Will (the hairdresser) wants  women to change the way we are thinking about our hair, he wants us to know that there is beauty in our natural hair, regardless of what type of hair we have and his product line “YOU” helps us bring out that natural beauty.

The CEO asks “Why would I push a product that totally undercuts what I’m already selling?”

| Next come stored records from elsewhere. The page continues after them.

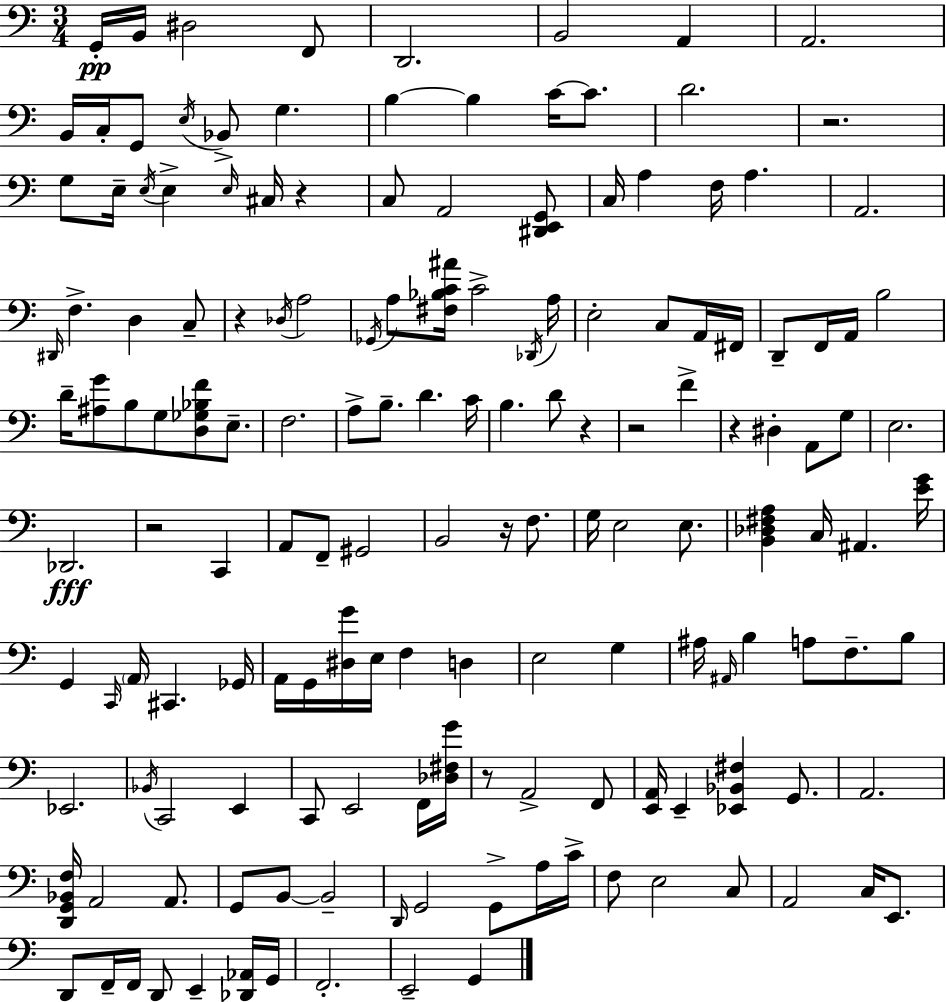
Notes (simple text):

G2/s B2/s D#3/h F2/e D2/h. B2/h A2/q A2/h. B2/s C3/s G2/e E3/s Bb2/e G3/q. B3/q B3/q C4/s C4/e. D4/h. R/h. G3/e E3/s E3/s E3/q E3/s C#3/s R/q C3/e A2/h [D#2,E2,G2]/e C3/s A3/q F3/s A3/q. A2/h. D#2/s F3/q. D3/q C3/e R/q Db3/s A3/h Gb2/s A3/e [F#3,Bb3,C4,A#4]/s C4/h Db2/s A3/s E3/h C3/e A2/s F#2/s D2/e F2/s A2/s B3/h D4/s [A#3,G4]/e B3/e G3/e [D3,Gb3,Bb3,F4]/e E3/e. F3/h. A3/e B3/e. D4/q. C4/s B3/q. D4/e R/q R/h F4/q R/q D#3/q A2/e G3/e E3/h. Db2/h. R/h C2/q A2/e F2/e G#2/h B2/h R/s F3/e. G3/s E3/h E3/e. [B2,Db3,F#3,A3]/q C3/s A#2/q. [E4,G4]/s G2/q C2/s A2/s C#2/q. Gb2/s A2/s G2/s [D#3,G4]/s E3/s F3/q D3/q E3/h G3/q A#3/s A#2/s B3/q A3/e F3/e. B3/e Eb2/h. Bb2/s C2/h E2/q C2/e E2/h F2/s [Db3,F#3,G4]/s R/e A2/h F2/e [E2,A2]/s E2/q [Eb2,Bb2,F#3]/q G2/e. A2/h. [D2,G2,Bb2,F3]/s A2/h A2/e. G2/e B2/e B2/h D2/s G2/h G2/e A3/s C4/s F3/e E3/h C3/e A2/h C3/s E2/e. D2/e F2/s F2/s D2/e E2/q [Db2,Ab2]/s G2/s F2/h. E2/h G2/q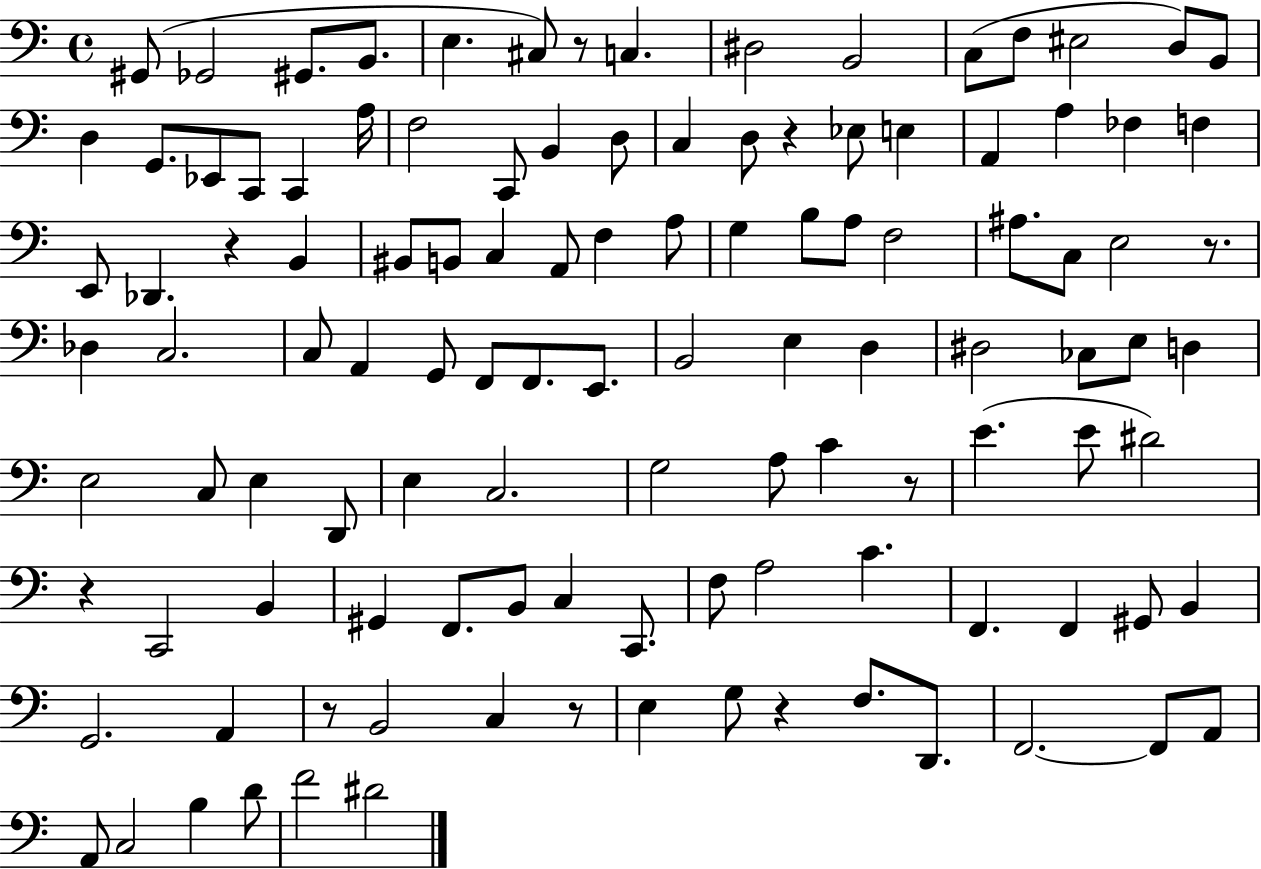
X:1
T:Untitled
M:4/4
L:1/4
K:C
^G,,/2 _G,,2 ^G,,/2 B,,/2 E, ^C,/2 z/2 C, ^D,2 B,,2 C,/2 F,/2 ^E,2 D,/2 B,,/2 D, G,,/2 _E,,/2 C,,/2 C,, A,/4 F,2 C,,/2 B,, D,/2 C, D,/2 z _E,/2 E, A,, A, _F, F, E,,/2 _D,, z B,, ^B,,/2 B,,/2 C, A,,/2 F, A,/2 G, B,/2 A,/2 F,2 ^A,/2 C,/2 E,2 z/2 _D, C,2 C,/2 A,, G,,/2 F,,/2 F,,/2 E,,/2 B,,2 E, D, ^D,2 _C,/2 E,/2 D, E,2 C,/2 E, D,,/2 E, C,2 G,2 A,/2 C z/2 E E/2 ^D2 z C,,2 B,, ^G,, F,,/2 B,,/2 C, C,,/2 F,/2 A,2 C F,, F,, ^G,,/2 B,, G,,2 A,, z/2 B,,2 C, z/2 E, G,/2 z F,/2 D,,/2 F,,2 F,,/2 A,,/2 A,,/2 C,2 B, D/2 F2 ^D2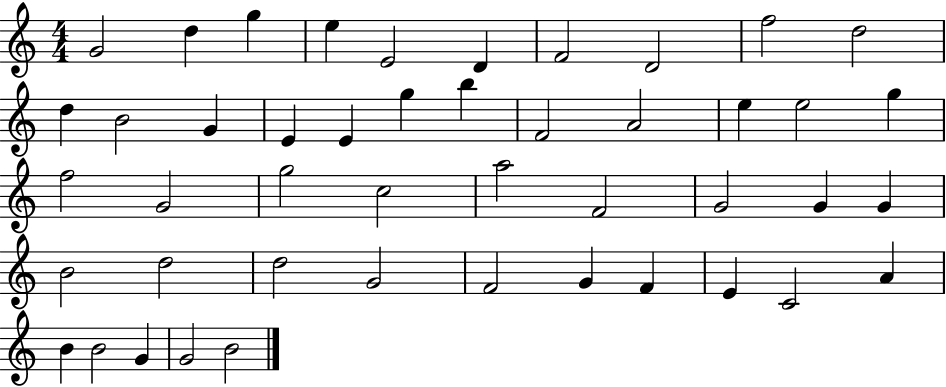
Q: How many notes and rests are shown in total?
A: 46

Violet continues “Listen, women can wear weaves if they want to they can straighten their hair if they want to it’s a choice, there is nothing wrong with that. But we also need them to know that there is beauty in their natural hair. Large grocery store chains did not ignore the health food craze they integrated it and kept their customers. The shift has already begun with hair and women of colour are one of the biggest markets there when it comes to hair, let us be the 1st to offer them something that protects, rather than destroys their hair”

The final scene showcases Violet walking out of work with her natural hair as she passes weaves, wigs, long hair, short hair and coloured hair, all the choices of women of colour.

Nappily Ever After stars my Person of the Month, Sanaa Lathan, Ricky Whittle, Lynn Whitfield, Lyriq Bent, Ernie Hudson and Darin Jones and is available on Netflix UK.